Write out each line of the entries below that holds the word "with".

───── DATA FOR PROCESSING ─────

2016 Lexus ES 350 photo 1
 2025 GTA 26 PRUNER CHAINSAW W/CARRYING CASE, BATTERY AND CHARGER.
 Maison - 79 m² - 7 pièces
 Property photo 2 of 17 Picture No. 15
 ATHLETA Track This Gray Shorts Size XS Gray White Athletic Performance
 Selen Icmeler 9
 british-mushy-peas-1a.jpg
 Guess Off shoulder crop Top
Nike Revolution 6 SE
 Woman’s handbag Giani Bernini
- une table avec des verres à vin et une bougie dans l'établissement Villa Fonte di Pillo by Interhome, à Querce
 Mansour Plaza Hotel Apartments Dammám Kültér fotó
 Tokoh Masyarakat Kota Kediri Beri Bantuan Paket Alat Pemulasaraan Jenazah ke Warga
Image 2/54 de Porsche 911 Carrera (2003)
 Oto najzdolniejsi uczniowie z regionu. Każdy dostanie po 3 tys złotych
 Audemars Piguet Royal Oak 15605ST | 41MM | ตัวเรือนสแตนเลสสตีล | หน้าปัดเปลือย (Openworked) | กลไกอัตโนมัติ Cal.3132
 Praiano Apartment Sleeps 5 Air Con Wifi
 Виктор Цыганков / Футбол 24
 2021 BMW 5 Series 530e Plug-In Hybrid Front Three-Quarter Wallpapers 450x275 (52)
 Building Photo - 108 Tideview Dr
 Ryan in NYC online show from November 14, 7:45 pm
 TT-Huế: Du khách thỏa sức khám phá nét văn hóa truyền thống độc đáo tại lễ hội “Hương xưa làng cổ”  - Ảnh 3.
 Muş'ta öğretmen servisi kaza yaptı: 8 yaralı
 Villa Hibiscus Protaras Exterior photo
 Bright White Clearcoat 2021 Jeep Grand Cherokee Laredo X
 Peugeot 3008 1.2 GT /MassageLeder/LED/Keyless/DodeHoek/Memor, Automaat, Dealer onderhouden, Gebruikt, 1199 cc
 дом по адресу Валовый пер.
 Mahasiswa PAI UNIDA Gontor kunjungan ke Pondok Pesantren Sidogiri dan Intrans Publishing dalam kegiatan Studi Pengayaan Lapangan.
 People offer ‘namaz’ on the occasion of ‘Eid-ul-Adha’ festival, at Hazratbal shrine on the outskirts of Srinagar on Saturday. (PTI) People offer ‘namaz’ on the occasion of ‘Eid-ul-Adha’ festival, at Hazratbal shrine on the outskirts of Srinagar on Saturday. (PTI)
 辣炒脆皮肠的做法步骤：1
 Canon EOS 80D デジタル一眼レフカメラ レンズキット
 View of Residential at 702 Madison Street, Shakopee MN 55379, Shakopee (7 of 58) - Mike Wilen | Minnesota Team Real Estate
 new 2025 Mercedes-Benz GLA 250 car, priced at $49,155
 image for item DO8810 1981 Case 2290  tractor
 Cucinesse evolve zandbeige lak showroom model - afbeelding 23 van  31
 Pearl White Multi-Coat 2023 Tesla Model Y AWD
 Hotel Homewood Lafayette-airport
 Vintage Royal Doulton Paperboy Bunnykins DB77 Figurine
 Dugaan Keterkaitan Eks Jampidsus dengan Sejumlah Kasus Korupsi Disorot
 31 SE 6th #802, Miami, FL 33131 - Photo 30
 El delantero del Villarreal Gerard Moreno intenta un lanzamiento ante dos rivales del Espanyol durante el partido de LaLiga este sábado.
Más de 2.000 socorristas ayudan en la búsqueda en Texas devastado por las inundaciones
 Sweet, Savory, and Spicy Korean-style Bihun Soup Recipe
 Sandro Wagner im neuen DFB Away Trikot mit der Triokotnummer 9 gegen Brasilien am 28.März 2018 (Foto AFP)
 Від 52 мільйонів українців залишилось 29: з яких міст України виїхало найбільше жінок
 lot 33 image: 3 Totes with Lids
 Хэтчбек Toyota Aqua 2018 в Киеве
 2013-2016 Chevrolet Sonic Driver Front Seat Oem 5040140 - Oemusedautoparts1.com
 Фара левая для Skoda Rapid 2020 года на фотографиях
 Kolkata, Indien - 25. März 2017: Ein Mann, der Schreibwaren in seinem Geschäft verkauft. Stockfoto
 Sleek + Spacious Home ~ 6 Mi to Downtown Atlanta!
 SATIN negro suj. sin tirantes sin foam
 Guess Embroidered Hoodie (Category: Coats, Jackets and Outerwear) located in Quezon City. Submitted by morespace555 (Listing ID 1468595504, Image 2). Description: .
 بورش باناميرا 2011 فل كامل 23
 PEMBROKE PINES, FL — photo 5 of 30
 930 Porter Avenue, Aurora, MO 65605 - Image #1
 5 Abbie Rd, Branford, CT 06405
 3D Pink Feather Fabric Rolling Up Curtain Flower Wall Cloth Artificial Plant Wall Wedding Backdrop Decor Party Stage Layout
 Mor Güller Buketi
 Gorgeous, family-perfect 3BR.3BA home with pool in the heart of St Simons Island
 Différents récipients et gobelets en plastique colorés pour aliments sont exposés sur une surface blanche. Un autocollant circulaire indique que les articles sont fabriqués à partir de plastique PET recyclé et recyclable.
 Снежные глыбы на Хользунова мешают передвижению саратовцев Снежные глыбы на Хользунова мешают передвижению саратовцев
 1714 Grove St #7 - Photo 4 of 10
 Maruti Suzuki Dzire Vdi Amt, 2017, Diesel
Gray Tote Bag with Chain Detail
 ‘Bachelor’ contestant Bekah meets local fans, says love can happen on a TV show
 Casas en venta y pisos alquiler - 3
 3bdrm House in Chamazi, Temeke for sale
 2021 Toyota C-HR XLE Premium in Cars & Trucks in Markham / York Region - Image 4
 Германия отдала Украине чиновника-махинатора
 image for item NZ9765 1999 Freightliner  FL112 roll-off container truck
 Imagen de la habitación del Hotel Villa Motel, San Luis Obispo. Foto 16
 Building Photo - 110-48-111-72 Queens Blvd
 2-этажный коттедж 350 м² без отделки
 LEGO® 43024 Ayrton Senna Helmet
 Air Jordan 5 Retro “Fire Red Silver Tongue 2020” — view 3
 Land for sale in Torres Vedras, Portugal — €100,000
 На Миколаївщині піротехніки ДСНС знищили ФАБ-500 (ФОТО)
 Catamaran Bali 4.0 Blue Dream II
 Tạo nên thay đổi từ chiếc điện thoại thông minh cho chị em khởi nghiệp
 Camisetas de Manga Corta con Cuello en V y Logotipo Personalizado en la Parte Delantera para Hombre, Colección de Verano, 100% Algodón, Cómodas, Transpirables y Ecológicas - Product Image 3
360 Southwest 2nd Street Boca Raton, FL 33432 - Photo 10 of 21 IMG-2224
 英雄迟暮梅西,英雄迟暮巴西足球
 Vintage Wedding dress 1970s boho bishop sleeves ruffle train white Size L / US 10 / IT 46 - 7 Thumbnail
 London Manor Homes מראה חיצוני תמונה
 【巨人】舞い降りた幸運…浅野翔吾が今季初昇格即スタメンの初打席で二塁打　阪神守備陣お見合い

─────

▶ [THE COMPLETED TASK]:
 lot 33 image: 3 Totes with Lids
 Gorgeous, family-perfect 3BR.3BA home with pool in the heart of St Simons Island
Gray Tote Bag with Chain Detail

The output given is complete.